INSTRUCTIONS TO FOLLOW - Each entry has to be copied exactly, with nothing missed.

Short descriptive text snippets
········
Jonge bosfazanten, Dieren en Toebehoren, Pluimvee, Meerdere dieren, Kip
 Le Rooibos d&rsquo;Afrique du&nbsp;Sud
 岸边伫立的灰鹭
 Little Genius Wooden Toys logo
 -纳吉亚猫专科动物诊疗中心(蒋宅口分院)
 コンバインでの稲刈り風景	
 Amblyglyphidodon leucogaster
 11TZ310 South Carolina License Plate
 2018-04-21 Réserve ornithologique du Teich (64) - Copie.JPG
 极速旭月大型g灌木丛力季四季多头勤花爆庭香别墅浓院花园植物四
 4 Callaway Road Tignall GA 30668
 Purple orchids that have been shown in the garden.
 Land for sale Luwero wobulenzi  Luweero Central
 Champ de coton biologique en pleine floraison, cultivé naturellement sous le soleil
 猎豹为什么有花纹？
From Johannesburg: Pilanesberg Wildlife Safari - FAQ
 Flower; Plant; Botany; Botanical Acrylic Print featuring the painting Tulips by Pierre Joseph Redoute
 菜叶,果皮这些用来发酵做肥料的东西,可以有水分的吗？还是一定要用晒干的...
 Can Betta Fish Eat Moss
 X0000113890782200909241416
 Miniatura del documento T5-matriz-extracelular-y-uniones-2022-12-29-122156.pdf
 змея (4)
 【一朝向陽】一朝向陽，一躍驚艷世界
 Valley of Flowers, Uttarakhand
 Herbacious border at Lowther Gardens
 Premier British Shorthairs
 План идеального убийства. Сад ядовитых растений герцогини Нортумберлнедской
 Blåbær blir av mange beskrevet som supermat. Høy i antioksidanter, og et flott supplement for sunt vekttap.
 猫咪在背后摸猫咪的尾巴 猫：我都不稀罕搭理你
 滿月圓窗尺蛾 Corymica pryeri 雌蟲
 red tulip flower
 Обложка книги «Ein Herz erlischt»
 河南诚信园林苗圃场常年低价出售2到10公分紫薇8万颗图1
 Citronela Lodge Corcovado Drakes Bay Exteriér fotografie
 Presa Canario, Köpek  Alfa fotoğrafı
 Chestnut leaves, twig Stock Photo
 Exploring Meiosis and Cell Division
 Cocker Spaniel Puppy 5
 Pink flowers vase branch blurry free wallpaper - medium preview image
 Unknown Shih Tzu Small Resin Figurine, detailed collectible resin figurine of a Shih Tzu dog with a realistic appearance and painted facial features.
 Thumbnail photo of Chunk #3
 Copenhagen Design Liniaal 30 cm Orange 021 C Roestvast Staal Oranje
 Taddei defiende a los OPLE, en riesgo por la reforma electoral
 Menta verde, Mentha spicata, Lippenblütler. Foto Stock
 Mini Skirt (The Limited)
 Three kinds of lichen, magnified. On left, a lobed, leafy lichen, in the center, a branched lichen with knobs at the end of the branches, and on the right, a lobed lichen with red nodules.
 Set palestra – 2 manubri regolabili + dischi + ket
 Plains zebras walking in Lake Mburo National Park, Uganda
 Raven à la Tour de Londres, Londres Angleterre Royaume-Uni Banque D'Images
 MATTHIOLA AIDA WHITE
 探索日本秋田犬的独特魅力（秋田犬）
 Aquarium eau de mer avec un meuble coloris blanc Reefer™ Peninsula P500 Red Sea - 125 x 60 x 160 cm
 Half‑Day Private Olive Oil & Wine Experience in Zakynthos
········
OUTPUT BELOW -
Jonge bosfazanten, Dieren en Toebehoren, Pluimvee, Meerdere dieren, Kip
 Le Rooibos d&rsquo;Afrique du&nbsp;Sud
 岸边伫立的灰鹭
 Little Genius Wooden Toys logo
 -纳吉亚猫专科动物诊疗中心(蒋宅口分院)
 コンバインでの稲刈り風景	
 Amblyglyphidodon leucogaster
 11TZ310 South Carolina License Plate
 2018-04-21 Réserve ornithologique du Teich (64) - Copie.JPG
 极速旭月大型g灌木丛力季四季多头勤花爆庭香别墅浓院花园植物四
 4 Callaway Road Tignall GA 30668
 Purple orchids that have been shown in the garden.
 Land for sale Luwero wobulenzi  Luweero Central
 Champ de coton biologique en pleine floraison, cultivé naturellement sous le soleil
 猎豹为什么有花纹？
From Johannesburg: Pilanesberg Wildlife Safari - FAQ
 Flower; Plant; Botany; Botanical Acrylic Print featuring the painting Tulips by Pierre Joseph Redoute
 菜叶,果皮这些用来发酵做肥料的东西,可以有水分的吗？还是一定要用晒干的...
 Can Betta Fish Eat Moss
 X0000113890782200909241416
 Miniatura del documento T5-matriz-extracelular-y-uniones-2022-12-29-122156.pdf
 змея (4)
 【一朝向陽】一朝向陽，一躍驚艷世界
 Valley of Flowers, Uttarakhand
 Herbacious border at Lowther Gardens
 Premier British Shorthairs
 План идеального убийства. Сад ядовитых растений герцогини Нортумберлнедской
 Blåbær blir av mange beskrevet som supermat. Høy i antioksidanter, og et flott supplement for sunt vekttap.
 猫咪在背后摸猫咪的尾巴 猫：我都不稀罕搭理你
 滿月圓窗尺蛾 Corymica pryeri 雌蟲
 red tulip flower
 Обложка книги «Ein Herz erlischt»
 河南诚信园林苗圃场常年低价出售2到10公分紫薇8万颗图1
 Citronela Lodge Corcovado Drakes Bay Exteriér fotografie
 Presa Canario, Köpek  Alfa fotoğrafı
 Chestnut leaves, twig Stock Photo
 Exploring Meiosis and Cell Division
 Cocker Spaniel Puppy 5
 Pink flowers vase branch blurry free wallpaper - medium preview image
 Unknown Shih Tzu Small Resin Figurine, detailed collectible resin figurine of a Shih Tzu dog with a realistic appearance and painted facial features.
 Thumbnail photo of Chunk #3
 Copenhagen Design Liniaal 30 cm Orange 021 C Roestvast Staal Oranje
 Taddei defiende a los OPLE, en riesgo por la reforma electoral
 Menta verde, Mentha spicata, Lippenblütler. Foto Stock
 Mini Skirt (The Limited)
 Three kinds of lichen, magnified. On left, a lobed, leafy lichen, in the center, a branched lichen with knobs at the end of the branches, and on the right, a lobed lichen with red nodules.
 Set palestra – 2 manubri regolabili + dischi + ket
 Plains zebras walking in Lake Mburo National Park, Uganda
 Raven à la Tour de Londres, Londres Angleterre Royaume-Uni Banque D'Images
 MATTHIOLA AIDA WHITE
 探索日本秋田犬的独特魅力（秋田犬）
 Aquarium eau de mer avec un meuble coloris blanc Reefer™ Peninsula P500 Red Sea - 125 x 60 x 160 cm
 Half‑Day Private Olive Oil & Wine Experience in Zakynthos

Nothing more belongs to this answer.